You might be forgiven for thinking that the last thing that the Church needs right now is more confusion, more doubt and more argument over doctrine, but not everyone shares this view. In particular, four members of the Pope’s commission to look into the question of women deacons have given a conference at Fordham University, designed to get us to think about this (in their view) pressing issue. Indeed, Professor Phyllis Zagano, a long standing advocate of women deacons, reveals: “It’s up to the Church to make noise,” while also warning that “to delay a positive answer” on whether women can serve as deacons “is a negative answer.” The Fordham conference is no doubt the opening salvo of much more noise to come.
The Pope’s commission on the question springs from a request made by a nun at a meeting back in 2016. The article cited above represents a fair summary of the question so far. But there are certain observations to be made.
First of all, this question of the female diaconate has been raised time and again, each time hoping for a positive answer that has not to date been forthcoming. This seems to be the modus operandi of those who want change in the Church. Keep on asking, until you get what you want. That was the method adopted by the German theologians who at least four times asked for the divorced and remarried to be admitted into Holy Communion; and kept on asking, even when Saint John Paul II gave a very clear negative answer in Familiaris Consortio.
Secondly, as is always the case in theology, the question asked is never a simple bare question, for it brings with it lots of other allied questions. The question of female deacons cannot be seen in isolation and cannot be unpicked from the other issues with which it is interwoven. It raises very important questions about tradition. We have not had female deacons for a very long time, if indeed we ever had them; their introduction now would represent a serious breach in tradition, an innovation. Again, if we ever did have female deacons, were they deacons in the modern sense, in other words, were they ordained persons, and persons in the clerical state?
The answer to those questions, from my perspective, is no in all cases. I am fully convinced that the famous Phoebe mentioned in the letter to the Romans at 16:1 was not a deacon in the sense Saint Stephen was, but more a servant of the church at Cenchreae. Moreover, she is an isolated example, and it seems a bit of a stretch to reconstruct a whole lost tradition on her shoulders. And if the tradition was lost – doesn’t that tell you something?

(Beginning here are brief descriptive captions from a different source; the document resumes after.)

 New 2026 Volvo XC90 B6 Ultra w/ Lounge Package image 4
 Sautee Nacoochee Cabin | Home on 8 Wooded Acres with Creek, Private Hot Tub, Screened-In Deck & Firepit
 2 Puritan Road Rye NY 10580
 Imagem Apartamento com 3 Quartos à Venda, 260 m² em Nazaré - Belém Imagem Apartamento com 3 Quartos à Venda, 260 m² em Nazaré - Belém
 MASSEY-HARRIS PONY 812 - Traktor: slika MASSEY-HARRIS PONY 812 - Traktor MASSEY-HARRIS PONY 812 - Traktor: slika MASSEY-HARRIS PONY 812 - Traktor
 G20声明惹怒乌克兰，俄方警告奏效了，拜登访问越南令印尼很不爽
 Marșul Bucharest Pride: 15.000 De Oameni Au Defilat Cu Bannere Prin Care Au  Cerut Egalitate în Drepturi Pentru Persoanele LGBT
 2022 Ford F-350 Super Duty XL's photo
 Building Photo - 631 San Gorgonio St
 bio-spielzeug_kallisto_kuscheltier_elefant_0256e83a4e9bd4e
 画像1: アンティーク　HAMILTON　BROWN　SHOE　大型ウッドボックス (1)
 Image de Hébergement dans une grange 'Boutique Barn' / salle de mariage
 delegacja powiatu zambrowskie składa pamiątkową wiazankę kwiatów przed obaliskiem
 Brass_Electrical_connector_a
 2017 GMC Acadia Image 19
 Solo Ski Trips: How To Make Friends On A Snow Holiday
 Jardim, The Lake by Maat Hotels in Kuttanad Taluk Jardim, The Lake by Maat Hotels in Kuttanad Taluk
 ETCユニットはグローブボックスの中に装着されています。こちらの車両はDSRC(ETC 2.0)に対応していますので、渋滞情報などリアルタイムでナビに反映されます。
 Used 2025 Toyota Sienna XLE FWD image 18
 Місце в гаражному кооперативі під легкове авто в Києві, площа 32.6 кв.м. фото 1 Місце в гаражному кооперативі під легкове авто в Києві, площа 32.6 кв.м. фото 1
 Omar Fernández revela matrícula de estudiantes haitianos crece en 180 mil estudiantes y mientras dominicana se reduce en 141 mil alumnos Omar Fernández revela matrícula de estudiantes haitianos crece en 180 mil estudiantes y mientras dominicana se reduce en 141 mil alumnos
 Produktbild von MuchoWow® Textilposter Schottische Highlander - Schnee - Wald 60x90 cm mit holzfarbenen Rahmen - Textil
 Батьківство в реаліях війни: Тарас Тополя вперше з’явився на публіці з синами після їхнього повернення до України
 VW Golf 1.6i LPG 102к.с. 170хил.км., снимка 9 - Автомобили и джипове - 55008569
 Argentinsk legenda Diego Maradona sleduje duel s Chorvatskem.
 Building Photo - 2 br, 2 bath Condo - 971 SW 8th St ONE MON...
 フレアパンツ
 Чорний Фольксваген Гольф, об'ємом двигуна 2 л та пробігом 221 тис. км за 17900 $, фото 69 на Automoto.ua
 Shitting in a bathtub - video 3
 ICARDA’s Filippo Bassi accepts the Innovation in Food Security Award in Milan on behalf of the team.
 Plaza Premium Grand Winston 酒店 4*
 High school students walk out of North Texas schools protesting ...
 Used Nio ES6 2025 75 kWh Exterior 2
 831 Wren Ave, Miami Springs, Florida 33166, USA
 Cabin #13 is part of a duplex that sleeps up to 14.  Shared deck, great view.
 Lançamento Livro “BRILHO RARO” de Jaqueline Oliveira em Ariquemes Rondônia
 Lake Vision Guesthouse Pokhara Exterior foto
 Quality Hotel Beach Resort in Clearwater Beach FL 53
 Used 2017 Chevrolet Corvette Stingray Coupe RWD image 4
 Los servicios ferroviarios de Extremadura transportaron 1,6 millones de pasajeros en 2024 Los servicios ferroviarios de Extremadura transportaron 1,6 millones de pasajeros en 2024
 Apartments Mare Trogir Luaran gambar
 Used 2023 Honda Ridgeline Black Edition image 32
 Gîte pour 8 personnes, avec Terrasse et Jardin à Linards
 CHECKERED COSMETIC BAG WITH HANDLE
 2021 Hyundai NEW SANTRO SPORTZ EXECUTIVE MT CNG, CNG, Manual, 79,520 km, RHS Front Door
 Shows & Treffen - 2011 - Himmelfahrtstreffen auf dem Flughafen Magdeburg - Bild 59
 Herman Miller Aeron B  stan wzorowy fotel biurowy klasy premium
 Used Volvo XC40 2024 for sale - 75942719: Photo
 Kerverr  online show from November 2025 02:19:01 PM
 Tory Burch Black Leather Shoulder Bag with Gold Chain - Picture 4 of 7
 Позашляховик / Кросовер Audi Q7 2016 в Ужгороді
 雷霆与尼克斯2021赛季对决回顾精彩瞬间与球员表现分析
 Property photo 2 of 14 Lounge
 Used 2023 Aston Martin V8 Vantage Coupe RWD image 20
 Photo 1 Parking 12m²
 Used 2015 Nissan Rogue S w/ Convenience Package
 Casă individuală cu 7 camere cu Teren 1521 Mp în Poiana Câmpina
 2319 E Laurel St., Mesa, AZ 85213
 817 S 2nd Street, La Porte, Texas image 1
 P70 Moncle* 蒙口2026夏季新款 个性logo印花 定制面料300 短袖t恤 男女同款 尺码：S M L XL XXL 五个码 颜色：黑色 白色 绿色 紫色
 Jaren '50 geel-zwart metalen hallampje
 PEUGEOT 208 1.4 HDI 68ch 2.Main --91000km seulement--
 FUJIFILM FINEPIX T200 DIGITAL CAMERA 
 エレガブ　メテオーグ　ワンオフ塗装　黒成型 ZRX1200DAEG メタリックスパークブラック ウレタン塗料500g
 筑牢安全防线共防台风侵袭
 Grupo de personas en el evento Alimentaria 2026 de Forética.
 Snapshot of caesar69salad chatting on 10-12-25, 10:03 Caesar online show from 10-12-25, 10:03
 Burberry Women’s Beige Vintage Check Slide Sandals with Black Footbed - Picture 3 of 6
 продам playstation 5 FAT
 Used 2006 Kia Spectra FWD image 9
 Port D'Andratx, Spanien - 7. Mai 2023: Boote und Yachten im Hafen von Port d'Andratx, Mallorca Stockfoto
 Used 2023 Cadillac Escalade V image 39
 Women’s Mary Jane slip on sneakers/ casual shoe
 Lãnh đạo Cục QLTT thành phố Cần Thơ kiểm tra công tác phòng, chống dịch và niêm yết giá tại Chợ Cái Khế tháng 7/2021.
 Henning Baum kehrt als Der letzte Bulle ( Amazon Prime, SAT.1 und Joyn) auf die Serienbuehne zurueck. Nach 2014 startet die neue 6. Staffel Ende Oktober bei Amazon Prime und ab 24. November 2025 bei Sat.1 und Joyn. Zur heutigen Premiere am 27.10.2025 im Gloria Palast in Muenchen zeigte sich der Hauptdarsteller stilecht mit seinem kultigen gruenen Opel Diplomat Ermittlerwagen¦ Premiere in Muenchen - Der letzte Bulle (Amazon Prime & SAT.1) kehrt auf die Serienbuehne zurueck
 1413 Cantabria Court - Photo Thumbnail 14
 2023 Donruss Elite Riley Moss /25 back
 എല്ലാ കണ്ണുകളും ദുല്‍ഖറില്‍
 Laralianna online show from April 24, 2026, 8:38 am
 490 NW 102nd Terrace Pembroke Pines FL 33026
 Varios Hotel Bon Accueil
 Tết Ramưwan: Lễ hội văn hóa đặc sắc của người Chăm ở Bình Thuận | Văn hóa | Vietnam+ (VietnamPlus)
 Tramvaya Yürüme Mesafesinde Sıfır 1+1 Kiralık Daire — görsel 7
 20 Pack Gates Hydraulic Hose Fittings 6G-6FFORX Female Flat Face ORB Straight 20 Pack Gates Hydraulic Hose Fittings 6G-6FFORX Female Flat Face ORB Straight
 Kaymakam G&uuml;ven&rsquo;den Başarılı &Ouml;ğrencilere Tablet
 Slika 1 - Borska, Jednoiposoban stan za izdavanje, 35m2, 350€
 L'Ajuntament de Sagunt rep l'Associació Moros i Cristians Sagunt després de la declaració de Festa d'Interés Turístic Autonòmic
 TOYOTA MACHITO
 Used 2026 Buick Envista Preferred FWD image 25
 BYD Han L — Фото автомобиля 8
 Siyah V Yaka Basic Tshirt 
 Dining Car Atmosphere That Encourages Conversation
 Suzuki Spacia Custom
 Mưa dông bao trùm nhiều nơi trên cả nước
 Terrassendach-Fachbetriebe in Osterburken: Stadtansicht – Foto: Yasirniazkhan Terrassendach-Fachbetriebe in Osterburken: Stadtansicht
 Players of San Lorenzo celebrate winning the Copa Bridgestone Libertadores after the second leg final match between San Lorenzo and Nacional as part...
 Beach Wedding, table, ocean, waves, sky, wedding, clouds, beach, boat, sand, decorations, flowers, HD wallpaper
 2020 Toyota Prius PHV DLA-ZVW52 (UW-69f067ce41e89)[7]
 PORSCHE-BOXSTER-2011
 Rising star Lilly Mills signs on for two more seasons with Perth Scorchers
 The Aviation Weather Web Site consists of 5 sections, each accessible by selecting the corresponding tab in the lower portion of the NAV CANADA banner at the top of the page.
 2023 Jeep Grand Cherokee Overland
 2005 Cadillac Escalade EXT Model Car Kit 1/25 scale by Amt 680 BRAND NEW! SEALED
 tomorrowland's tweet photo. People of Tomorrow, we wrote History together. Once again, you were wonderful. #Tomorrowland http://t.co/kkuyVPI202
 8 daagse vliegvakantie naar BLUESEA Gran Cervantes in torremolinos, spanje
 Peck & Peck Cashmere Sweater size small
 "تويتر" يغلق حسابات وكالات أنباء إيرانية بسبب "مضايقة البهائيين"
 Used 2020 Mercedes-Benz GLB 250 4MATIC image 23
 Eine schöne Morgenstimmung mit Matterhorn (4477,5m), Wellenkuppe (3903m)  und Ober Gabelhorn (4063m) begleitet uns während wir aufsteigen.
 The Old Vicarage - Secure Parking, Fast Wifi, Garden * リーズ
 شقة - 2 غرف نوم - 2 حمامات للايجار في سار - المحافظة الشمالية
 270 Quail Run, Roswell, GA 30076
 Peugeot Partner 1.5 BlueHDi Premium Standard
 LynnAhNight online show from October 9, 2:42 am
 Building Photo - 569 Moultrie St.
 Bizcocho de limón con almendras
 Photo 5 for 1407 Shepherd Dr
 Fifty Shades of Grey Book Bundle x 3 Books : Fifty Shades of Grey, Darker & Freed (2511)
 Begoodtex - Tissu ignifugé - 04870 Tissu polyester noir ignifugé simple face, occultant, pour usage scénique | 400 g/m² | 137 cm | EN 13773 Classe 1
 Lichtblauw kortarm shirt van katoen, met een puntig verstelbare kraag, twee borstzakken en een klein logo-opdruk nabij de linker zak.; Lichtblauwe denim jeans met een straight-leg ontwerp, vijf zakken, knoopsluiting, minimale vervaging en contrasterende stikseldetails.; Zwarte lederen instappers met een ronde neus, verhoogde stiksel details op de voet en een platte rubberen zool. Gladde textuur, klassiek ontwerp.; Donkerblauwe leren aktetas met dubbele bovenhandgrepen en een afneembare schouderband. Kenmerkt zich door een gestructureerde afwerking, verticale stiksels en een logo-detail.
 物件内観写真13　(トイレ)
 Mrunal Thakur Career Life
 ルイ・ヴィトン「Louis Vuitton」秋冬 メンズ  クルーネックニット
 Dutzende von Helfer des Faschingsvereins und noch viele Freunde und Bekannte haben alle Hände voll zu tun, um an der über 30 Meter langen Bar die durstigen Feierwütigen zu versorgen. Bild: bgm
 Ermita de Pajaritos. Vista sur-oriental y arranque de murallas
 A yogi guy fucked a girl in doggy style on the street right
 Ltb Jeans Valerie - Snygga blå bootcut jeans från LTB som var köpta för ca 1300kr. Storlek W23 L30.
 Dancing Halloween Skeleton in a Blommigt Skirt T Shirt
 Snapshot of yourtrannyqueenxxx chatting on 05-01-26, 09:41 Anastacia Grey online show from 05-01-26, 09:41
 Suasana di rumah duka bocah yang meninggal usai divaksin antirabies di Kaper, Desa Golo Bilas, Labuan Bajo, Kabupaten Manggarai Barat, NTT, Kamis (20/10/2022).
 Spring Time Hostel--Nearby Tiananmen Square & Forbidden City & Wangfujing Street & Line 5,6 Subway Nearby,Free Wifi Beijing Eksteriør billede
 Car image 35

However, apart from the historical evidence, the interpretation of which will never be the subject of complete agreement, the real nub lies in this: are or were female deacons to be understood as being commissioned, or sacramentally ordained? Was the female diaconate part of the sacrament of orders? On this everything hinges.
That it should be so is unfortunate, because there will be many who will think that this is a reduction of the question to minutiae. But the sacrament of orders is one. That seems to me a very obvious point. The question of female deacons raises the question of female ordination as such.
If the Church were to commission women to serve as deaconesses in the way the Anglican Church once did, rather in the manner of commissioning Extraordinary Ministers of the Eucharist, that would raise questions of prudence. Is there a need? Would it create further expectations? And so on. (The example of the Anglican Communion is instructive.) If the Church were to ordain women as deacons – ordain in the same sense as priestly ordination – then that would be nothing short of revolutionary. It would mean female clergy, and it would destroy any coherent objection to female priests and bishops. If that were to happen, the consequences would be grave. Numerous local churches would never accept it; and even in countries where cultural conditions might make it acceptable to many, numerous current serving priests would find their faith in the unity of orders shaken. Indeed, just as female ordination caused an exodus of clergy from the Church of England, the advent of ordained female deacons would surely lead many serving priests to retire from active ministry.
“At the close of the event, an audience member interrupted, pressing panellists to weigh in on women’s ordination to the priesthood. However, the panellists insisted it was unhelpful to try and conflate the topics of women’s ordination to the priesthood and the diaconate.”
I am sorry I have been so unhelpful, but the question of the ordination of women to the diaconate is intimately connected to their ordination to the priesthood. If it were not, I doubt anyone would want to discuss it. But that is something that its advocates do not want you to hear.